* Assigned task: Strip out all images, then restate the data verbatim.

* Material supplied:
· · · · ·

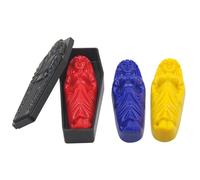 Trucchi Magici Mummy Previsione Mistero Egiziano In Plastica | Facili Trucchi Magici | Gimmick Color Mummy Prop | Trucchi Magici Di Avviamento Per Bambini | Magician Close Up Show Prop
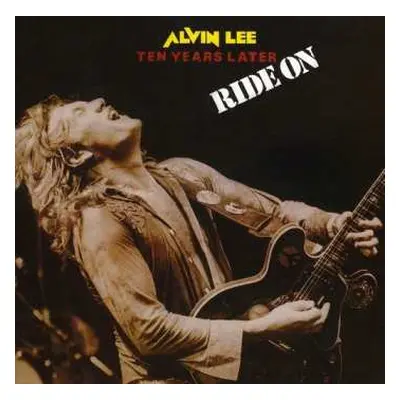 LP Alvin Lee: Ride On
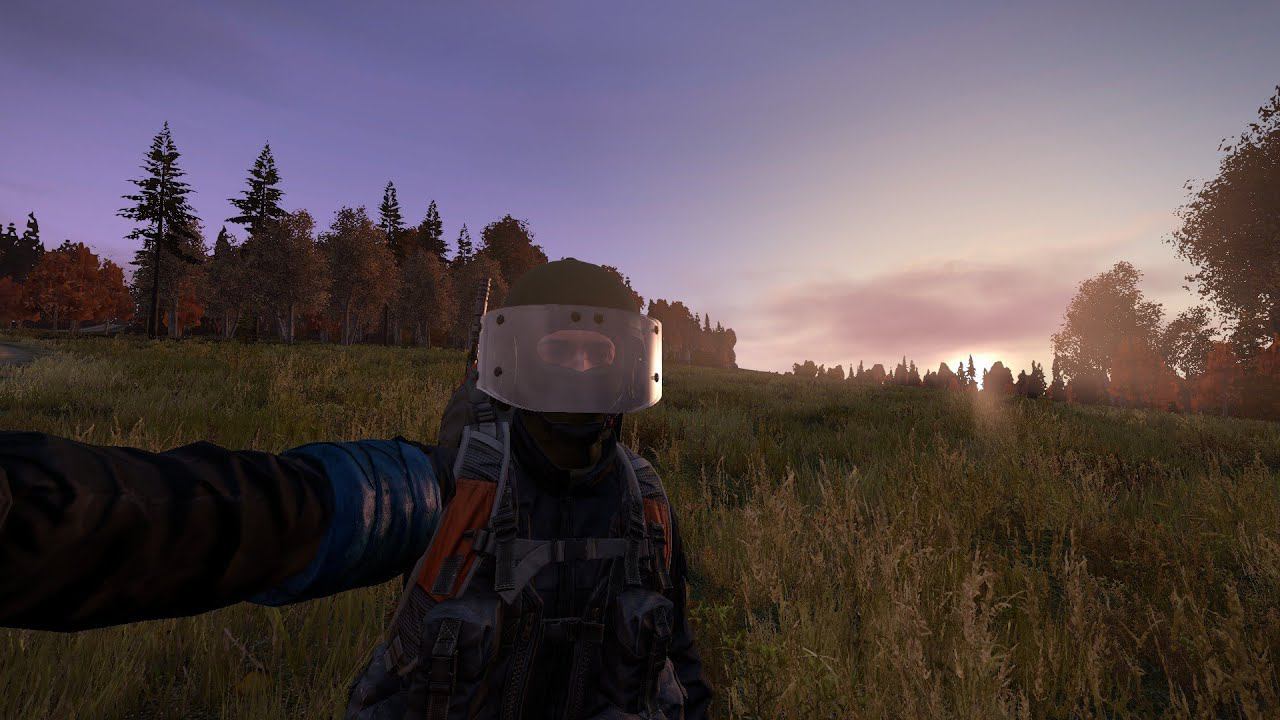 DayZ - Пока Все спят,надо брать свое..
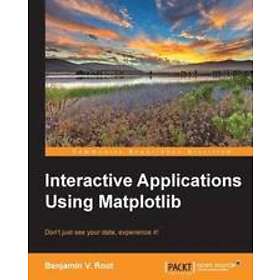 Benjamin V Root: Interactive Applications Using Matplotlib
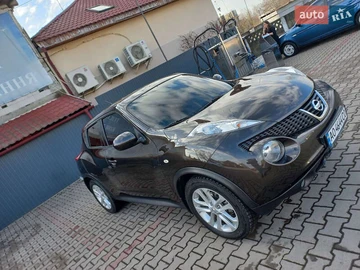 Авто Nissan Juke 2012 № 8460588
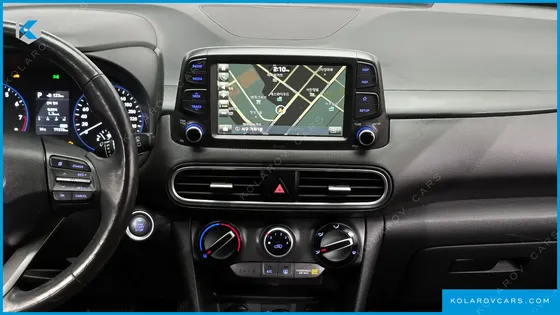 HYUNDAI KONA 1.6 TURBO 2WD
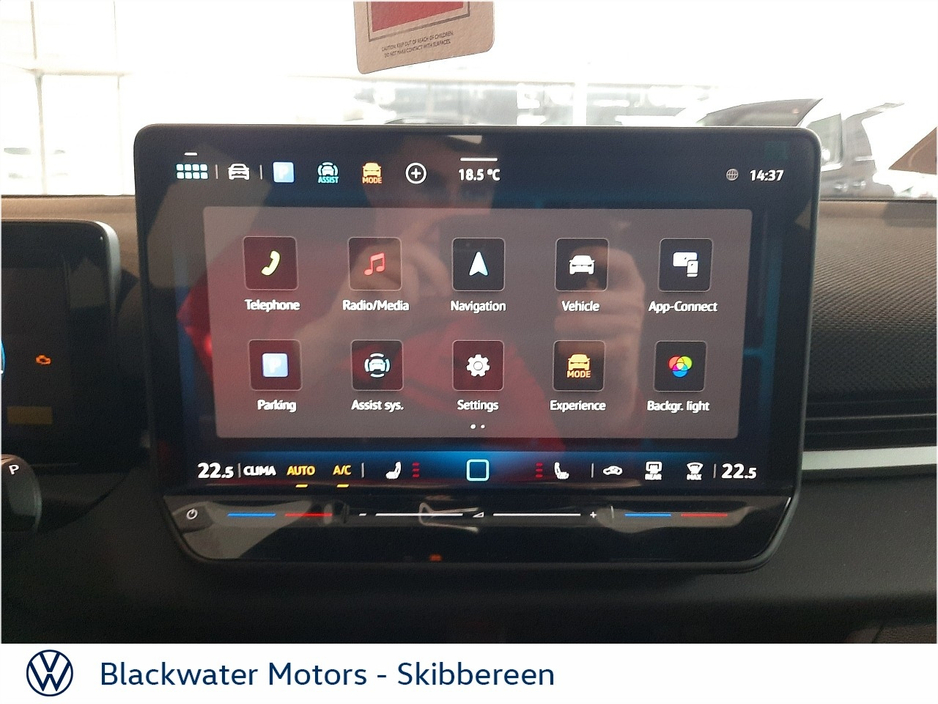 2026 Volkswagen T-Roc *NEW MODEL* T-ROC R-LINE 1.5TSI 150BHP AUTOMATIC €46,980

· · · · ·

* Result of the exercise:
 Trucchi Magici Mummy Previsione Mistero Egiziano In Plastica | Facili Trucchi Magici | Gimmick Color Mummy Prop | Trucchi Magici Di Avviamento Per Bambini | Magician Close Up Show Prop
 LP Alvin Lee: Ride On
 DayZ - Пока Все спят,надо брать свое..
 Benjamin V Root: Interactive Applications Using Matplotlib
 Авто Nissan Juke 2012 № 8460588
 HYUNDAI KONA 1.6 TURBO 2WD
 2026 Volkswagen T-Roc *NEW MODEL* T-ROC R-LINE 1.5TSI 150BHP AUTOMATIC €46,980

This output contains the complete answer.